-------- Data provided
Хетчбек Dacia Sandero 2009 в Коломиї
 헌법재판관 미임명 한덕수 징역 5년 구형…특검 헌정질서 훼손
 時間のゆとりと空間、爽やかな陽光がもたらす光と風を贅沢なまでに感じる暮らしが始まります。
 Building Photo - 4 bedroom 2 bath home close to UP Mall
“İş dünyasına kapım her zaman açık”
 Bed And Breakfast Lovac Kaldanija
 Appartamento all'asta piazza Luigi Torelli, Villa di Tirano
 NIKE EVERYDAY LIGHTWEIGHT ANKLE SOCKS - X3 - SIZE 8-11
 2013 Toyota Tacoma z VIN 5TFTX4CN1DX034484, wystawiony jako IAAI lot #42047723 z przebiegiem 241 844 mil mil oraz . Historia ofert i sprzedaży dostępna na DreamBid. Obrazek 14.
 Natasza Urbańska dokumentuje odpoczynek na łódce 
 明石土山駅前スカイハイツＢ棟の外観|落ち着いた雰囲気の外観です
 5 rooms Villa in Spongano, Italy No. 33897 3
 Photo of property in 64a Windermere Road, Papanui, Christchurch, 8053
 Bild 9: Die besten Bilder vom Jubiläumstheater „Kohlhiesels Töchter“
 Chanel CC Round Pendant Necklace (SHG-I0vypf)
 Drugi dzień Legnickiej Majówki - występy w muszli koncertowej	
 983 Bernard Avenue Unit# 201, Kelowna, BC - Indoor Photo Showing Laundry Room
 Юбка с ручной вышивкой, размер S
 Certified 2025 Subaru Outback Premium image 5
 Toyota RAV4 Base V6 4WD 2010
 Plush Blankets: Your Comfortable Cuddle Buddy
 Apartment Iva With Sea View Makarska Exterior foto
----------------
> What you need to do
Return every line above in which the string "Toyota" occurs.

> Result
 2013 Toyota Tacoma z VIN 5TFTX4CN1DX034484, wystawiony jako IAAI lot #42047723 z przebiegiem 241 844 mil mil oraz . Historia ofert i sprzedaży dostępna na DreamBid. Obrazek 14.
 Toyota RAV4 Base V6 4WD 2010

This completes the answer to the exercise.